PROBLEM> When you reach the line containing "HOLIDAY VELVET RUFFLED SLEEVES V NECK TOP", start transcribing exactly and continue through the last line of the data, skipping every picture.

SOURCE MATERIAL>
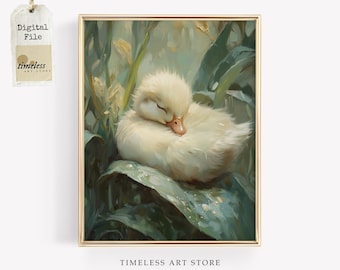 Sleeping Duckling Spring Painting | Vintage Nursery Art (Digital Download)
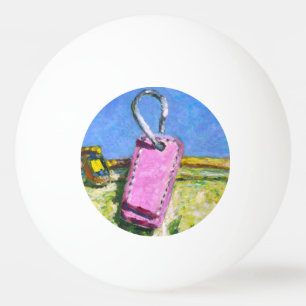 Pelota De Ping Pong Etiqueta Rosa Pintura Paisaje Contemporáneo Abstra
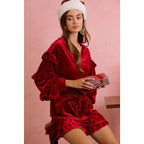 HOLIDAY VELVET RUFFLED SLEEVES V NECK TOP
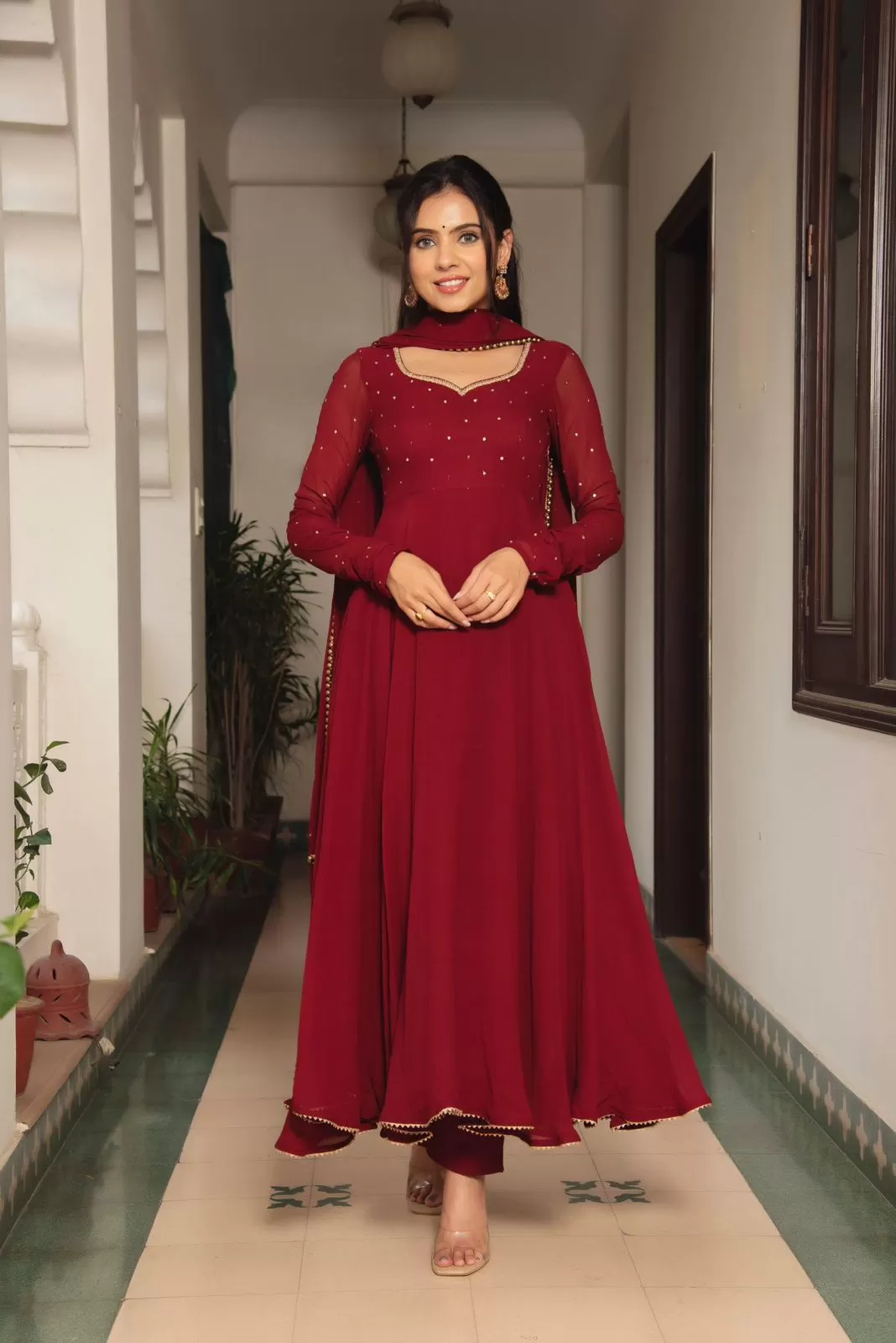 Dark Red Georgette Long Anarkali Dupatta Set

WRITTEN ANSWER>
 HOLIDAY VELVET RUFFLED SLEEVES V NECK TOP
 Dark Red Georgette Long Anarkali Dupatta Set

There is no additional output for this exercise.